How to write UTF-8 characters using bulk insert in SQL Server?
Solution 1:
I came here before looking for a solution for bulk inserting special characters. Didn't like the workaround with UTF-16 (that would double the size of csv file). I found out that you definitely CAN and it's very easy, you don't need a format file. This answer is for other people who are looking for the same, since it doesn't seem to be documented well anywhere, and I believe this is a very common issue for non-english speaking people. The solution is: just add CODEPAGE='65001' inside the with statement of the bulk insert. (65001=codepage number for UTF-8).

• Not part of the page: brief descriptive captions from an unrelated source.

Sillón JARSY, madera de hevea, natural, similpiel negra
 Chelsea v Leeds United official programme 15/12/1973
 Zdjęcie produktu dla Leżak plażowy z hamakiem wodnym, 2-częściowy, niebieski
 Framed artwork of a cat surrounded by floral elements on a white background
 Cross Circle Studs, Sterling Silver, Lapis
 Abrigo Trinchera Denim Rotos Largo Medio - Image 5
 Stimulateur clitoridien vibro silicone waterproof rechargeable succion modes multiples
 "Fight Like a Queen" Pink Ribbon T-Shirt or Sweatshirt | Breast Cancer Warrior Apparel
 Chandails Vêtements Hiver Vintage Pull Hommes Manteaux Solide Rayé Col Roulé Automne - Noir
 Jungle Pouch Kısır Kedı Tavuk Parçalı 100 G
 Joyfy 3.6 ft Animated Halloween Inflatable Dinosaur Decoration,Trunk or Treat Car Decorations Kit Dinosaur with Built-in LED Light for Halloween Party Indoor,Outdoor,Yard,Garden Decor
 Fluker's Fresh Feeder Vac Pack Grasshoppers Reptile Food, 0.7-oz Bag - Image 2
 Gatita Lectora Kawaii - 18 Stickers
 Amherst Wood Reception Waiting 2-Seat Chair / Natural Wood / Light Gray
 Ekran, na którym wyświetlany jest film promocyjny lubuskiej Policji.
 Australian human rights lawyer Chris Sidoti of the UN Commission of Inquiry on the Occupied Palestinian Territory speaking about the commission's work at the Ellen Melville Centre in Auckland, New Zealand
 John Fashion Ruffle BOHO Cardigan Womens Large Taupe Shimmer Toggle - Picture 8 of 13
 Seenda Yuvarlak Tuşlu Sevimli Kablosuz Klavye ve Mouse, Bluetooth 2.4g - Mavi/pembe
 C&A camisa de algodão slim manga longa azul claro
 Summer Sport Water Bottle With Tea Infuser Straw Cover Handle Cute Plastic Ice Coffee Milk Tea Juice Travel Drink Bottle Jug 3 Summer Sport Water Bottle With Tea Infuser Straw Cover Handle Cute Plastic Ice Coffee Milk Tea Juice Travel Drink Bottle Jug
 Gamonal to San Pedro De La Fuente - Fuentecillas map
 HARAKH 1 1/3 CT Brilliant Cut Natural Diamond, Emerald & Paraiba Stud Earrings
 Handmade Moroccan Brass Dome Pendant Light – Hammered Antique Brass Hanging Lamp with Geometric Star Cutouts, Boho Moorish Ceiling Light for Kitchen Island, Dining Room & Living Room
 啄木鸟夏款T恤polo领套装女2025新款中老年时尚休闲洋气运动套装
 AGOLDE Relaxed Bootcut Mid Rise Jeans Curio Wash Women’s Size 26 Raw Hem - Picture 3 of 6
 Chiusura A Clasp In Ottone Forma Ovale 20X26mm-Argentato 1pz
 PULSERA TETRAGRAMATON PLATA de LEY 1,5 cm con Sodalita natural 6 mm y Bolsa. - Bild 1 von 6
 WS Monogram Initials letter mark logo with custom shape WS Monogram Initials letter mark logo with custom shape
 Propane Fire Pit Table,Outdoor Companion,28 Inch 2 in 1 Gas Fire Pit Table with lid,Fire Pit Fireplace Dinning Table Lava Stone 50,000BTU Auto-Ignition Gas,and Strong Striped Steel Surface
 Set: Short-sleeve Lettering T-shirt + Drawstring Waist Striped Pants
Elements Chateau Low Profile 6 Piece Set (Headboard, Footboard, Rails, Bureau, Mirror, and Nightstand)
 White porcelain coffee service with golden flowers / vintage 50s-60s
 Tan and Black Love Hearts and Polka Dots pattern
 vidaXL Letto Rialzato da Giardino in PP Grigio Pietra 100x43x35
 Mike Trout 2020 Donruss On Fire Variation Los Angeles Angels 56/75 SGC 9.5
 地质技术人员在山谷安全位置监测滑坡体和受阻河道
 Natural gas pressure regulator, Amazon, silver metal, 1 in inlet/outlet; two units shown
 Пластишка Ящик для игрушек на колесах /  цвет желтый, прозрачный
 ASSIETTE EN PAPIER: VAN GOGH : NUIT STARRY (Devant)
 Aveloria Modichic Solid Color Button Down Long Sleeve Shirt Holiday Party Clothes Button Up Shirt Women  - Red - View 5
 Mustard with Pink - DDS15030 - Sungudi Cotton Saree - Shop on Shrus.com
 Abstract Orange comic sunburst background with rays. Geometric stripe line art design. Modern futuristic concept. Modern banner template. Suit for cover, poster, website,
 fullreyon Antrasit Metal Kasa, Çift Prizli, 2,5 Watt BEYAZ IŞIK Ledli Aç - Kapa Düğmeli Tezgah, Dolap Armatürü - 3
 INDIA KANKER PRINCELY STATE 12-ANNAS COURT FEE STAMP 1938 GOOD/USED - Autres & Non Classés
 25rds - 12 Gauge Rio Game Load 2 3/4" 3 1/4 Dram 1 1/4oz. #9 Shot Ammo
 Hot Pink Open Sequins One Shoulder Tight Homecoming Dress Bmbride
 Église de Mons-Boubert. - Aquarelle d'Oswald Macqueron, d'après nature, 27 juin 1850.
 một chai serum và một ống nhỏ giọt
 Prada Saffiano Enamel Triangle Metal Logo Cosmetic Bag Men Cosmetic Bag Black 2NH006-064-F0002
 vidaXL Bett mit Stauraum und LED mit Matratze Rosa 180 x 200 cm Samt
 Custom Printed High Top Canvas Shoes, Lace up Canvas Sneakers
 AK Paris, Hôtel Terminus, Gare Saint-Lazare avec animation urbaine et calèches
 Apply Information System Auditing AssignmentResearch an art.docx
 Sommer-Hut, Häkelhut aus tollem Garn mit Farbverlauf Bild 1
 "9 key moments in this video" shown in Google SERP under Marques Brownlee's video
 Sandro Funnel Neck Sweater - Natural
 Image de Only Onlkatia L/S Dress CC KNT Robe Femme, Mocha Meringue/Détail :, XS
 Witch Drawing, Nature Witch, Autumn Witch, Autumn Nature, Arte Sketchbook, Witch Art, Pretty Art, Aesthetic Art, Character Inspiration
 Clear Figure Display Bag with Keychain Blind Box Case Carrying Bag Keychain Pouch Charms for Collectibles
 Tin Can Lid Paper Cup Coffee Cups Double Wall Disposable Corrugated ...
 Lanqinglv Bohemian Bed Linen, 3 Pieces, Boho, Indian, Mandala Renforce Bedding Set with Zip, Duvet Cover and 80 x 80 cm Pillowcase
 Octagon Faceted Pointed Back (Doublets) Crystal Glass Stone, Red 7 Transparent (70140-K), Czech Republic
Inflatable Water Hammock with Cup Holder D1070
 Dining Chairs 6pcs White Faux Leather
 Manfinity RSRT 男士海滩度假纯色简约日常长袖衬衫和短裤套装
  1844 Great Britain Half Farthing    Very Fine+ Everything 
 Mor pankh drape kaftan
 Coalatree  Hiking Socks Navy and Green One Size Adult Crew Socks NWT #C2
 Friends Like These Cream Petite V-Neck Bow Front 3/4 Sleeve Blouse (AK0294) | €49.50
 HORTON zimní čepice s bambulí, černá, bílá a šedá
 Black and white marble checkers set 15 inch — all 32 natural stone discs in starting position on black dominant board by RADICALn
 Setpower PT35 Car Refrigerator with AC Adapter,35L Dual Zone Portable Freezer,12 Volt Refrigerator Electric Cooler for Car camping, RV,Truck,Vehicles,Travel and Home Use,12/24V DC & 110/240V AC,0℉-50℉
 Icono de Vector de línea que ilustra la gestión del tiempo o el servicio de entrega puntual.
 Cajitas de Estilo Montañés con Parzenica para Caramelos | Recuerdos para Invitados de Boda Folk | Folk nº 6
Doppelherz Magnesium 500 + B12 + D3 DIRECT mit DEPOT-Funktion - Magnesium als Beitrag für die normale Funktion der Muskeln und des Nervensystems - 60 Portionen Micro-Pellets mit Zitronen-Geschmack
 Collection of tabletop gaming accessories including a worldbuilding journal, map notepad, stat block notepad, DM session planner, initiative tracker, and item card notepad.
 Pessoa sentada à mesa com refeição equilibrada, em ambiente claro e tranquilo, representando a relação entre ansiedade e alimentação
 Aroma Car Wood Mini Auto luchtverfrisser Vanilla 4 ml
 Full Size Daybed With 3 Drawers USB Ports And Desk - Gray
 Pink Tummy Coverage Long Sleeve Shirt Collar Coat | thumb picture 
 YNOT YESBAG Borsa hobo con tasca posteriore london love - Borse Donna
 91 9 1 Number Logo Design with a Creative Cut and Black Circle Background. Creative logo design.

Might not work for all unicode characters as suggested by Michael O, but at least it works perfect for latin-extended, greek and cyrillic, probably many others too.
Note: MSDN documentation says utf-8 is not supported, don't believe it, for me this works perfect in SQL server 2008, didn't try other versions however.
e.g.:
BULK INSERT #myTempTable
FROM 'D:\somefolder\myCSV.txt'+
WITH
(
CODEPAGE = '65001',
FIELDTERMINATOR = '|',
ROWTERMINATOR ='\n'
);
If all your special characters are in 160-255 (iso-8859-1 or windows-1252), you could also use:
BULK INSERT #myTempTable
FROM 'D:\somefolder\myCSV.txt'+
WITH
(
CODEPAGE = 'ACP',
FIELDTERMINATOR = '|',
ROWTERMINATOR ='\n'
);
Solution 2:
You can't. You should first use a N type data field, convert your file to UTF-16 and then import it. The database does not support UTF-8.